Copeland nodded. “Like I was the Pope. I said, ‘You’ve been jerkin’ your little carrot too hard, Gentry. I think you jarred that little pea brain of yours loose.’”
Joe resisted an urge to hug Copeland. “What’d he say?”
“He got some of that pigment back, only this time it was all red. Like he became a full-blooded Navaho or something. He said, ‘I don’t know what you’re talkin’ about.’
“That pissed me off somethin’ fierce, him callin’ me a liar. So I bent down, got right in his face and said, ‘We corrupt alcoholic cops still have video cameras in our cruisers, you know? I decided to turn mine on you while you were whackin’ off to Crawford’s wife.’
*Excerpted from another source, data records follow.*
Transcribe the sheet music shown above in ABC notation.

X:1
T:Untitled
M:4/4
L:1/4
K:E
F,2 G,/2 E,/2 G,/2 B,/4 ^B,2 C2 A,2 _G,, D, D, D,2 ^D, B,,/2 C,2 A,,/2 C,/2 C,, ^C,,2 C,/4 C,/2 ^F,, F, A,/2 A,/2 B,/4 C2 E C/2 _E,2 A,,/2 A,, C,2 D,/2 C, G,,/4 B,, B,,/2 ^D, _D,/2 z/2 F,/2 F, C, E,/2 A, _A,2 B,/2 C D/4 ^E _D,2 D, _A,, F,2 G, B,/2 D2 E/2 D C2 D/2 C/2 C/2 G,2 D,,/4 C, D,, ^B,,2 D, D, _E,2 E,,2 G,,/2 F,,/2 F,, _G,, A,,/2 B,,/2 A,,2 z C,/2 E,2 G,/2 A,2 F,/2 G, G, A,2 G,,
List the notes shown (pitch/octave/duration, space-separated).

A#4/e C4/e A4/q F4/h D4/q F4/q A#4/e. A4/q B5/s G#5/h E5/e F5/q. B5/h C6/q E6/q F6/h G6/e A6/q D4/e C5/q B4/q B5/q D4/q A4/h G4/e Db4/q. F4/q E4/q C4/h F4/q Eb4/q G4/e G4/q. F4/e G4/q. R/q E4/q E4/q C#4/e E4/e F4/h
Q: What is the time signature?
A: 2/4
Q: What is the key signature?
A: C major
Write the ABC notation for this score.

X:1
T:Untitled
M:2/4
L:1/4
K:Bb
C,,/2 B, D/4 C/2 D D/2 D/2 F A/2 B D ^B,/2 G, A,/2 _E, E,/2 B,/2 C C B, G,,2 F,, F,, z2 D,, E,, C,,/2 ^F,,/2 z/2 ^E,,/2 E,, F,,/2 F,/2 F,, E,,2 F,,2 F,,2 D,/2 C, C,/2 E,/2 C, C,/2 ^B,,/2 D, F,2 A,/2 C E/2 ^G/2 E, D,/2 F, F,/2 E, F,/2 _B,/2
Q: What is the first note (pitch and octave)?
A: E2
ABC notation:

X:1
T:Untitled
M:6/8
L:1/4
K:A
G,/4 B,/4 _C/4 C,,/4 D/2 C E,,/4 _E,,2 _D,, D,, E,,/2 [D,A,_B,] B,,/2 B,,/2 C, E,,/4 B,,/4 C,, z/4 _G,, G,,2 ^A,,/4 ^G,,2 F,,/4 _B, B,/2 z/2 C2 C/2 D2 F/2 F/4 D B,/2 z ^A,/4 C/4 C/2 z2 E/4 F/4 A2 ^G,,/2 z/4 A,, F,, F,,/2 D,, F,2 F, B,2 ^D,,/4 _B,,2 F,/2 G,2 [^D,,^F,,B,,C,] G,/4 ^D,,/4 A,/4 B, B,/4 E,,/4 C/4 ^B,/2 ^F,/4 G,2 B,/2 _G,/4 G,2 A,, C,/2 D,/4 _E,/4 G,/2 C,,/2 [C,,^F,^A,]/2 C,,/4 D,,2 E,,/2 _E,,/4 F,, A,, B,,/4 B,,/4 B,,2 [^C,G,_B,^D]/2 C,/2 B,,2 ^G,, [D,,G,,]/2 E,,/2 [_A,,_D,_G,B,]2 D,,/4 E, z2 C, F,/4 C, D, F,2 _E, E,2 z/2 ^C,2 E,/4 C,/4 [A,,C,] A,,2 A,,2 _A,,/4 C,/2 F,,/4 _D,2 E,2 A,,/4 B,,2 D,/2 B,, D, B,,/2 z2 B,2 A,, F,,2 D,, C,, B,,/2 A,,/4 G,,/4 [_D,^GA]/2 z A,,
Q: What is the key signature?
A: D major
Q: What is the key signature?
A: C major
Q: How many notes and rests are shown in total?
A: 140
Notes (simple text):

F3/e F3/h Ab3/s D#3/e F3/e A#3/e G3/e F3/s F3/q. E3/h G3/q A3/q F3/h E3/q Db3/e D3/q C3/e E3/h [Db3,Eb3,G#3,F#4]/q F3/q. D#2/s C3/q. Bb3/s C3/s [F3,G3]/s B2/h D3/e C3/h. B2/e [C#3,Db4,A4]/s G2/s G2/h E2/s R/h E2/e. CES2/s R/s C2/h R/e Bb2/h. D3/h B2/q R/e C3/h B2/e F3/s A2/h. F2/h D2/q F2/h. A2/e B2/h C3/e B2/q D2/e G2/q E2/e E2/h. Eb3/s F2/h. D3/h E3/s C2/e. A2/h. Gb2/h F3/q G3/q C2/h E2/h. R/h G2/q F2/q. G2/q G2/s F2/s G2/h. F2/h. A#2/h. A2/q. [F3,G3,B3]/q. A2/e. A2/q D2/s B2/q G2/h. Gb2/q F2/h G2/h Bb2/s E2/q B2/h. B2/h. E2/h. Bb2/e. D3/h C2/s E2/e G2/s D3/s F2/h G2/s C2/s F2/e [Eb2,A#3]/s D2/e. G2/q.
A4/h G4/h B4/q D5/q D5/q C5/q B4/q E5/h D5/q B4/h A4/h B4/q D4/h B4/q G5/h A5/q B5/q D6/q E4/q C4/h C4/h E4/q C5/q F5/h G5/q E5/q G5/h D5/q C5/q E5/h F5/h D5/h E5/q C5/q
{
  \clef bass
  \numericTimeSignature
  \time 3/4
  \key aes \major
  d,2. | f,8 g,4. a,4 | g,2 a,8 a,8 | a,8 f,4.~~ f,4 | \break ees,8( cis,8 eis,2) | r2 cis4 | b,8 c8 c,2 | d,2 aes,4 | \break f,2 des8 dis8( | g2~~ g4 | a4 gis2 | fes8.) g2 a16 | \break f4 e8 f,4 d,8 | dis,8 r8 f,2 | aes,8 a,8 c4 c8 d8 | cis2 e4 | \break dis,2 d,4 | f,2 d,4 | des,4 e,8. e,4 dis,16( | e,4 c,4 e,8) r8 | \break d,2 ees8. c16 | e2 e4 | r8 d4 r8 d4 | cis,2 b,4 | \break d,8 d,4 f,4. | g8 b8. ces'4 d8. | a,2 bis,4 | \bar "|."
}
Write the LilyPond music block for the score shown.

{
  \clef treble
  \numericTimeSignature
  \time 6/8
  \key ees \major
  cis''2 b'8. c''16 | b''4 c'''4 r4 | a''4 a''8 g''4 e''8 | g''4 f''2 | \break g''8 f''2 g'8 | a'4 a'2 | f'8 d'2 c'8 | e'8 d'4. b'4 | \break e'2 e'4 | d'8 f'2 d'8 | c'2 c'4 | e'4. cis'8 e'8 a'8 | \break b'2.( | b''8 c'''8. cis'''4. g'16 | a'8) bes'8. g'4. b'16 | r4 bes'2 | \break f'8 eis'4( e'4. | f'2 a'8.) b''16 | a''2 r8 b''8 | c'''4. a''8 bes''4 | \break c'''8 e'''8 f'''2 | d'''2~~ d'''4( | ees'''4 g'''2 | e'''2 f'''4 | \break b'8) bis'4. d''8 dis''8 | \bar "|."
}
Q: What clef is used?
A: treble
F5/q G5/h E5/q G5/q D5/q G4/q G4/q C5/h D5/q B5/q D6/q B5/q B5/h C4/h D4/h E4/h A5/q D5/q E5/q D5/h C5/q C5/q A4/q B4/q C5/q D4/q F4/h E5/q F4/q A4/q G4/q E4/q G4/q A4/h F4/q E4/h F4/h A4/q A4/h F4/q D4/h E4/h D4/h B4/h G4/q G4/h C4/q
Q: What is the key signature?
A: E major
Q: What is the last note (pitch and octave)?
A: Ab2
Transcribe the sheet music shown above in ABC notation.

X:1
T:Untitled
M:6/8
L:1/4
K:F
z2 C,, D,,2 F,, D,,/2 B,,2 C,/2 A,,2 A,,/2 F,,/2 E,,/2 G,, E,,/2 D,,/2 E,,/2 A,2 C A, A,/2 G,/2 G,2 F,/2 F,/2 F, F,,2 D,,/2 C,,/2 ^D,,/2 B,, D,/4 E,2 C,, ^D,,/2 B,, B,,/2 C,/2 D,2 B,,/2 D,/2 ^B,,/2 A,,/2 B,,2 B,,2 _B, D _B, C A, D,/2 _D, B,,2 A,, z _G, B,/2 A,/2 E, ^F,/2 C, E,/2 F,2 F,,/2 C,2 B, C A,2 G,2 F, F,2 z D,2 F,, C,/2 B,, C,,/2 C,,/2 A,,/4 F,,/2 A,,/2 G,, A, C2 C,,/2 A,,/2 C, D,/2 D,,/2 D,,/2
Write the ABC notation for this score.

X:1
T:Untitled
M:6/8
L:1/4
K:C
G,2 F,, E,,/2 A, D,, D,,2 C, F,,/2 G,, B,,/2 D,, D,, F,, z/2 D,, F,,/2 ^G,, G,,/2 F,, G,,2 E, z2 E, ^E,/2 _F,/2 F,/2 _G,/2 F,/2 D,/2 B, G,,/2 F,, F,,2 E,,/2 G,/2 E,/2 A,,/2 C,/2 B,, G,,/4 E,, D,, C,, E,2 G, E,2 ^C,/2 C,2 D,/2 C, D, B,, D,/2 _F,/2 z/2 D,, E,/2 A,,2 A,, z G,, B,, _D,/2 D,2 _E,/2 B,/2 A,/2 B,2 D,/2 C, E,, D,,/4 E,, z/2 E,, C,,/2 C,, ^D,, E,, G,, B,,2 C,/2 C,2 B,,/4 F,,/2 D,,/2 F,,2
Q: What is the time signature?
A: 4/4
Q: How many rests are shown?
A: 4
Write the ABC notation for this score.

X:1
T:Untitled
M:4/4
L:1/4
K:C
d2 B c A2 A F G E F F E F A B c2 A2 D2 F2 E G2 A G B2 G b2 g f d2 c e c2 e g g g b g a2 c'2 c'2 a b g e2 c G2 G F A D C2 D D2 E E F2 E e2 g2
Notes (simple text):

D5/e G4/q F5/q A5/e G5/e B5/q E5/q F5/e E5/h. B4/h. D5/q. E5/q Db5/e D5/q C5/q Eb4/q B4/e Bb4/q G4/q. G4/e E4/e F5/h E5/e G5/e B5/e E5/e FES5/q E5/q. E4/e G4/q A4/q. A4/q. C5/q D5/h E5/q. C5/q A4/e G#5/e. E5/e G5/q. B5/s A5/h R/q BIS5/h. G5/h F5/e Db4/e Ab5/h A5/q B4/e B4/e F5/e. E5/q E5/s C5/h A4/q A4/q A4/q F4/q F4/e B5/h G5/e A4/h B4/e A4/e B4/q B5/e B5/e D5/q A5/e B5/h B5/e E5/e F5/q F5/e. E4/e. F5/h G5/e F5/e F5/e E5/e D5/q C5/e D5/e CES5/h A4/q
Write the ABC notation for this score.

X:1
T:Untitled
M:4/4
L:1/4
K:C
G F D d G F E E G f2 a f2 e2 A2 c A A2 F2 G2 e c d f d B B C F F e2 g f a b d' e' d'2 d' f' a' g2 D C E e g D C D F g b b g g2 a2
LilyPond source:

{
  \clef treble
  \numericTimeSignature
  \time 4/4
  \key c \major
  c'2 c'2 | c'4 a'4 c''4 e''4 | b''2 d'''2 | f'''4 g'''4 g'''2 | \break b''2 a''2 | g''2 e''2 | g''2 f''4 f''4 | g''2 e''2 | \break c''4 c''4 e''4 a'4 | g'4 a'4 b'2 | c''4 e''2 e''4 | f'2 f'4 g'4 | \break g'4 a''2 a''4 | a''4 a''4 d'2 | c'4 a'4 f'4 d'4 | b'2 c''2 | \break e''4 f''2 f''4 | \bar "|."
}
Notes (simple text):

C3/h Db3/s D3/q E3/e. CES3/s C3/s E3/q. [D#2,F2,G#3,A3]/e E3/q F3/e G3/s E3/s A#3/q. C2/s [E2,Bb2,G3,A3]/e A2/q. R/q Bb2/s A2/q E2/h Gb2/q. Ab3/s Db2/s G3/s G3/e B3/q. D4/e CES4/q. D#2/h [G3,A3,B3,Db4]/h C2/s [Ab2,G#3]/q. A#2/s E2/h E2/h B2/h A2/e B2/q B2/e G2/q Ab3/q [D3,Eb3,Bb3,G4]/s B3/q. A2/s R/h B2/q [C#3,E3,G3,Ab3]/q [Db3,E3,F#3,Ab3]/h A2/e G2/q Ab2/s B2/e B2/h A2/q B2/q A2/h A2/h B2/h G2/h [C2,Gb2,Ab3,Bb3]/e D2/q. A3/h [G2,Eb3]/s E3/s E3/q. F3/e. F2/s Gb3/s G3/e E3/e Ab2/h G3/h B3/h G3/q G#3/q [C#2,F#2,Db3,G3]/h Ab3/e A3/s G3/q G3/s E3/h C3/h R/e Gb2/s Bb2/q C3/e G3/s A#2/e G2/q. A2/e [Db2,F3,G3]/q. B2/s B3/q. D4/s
“That got rid of his pigment again. I see over Gentry’s shoulder that Alyssa’s coverin’ her mouth to stifle laughter. I had to block her out so I wouldn’t laugh too.”
“What then?”
“Then I said, ‘If you say another word about me, about Joe, or even drive by his house again, I’ll post that clip of you flogging your bishop all over YouTube.’”
“You didn’t.”
“Hell if I didn’t. Gentry, he’s looking at me with more horror than I thought a human face could contain. It was sort of cruel of me, but the dipshit had me so irate, I couldn’t help myself. I drove it in further. ‘What’ll your wife say when she sees you’ve gotten a hundred thousand hits for choking your chicken in broad daylight?’”
“You’ve got a lot of euphemisms for masturbation, you know that?”
“One of my many talents.”
“So what happened after that?”
Copeland shrugged. “We talked for a while. Nothing much of interest was said. I think he was too terrified to form a coherent sentence.”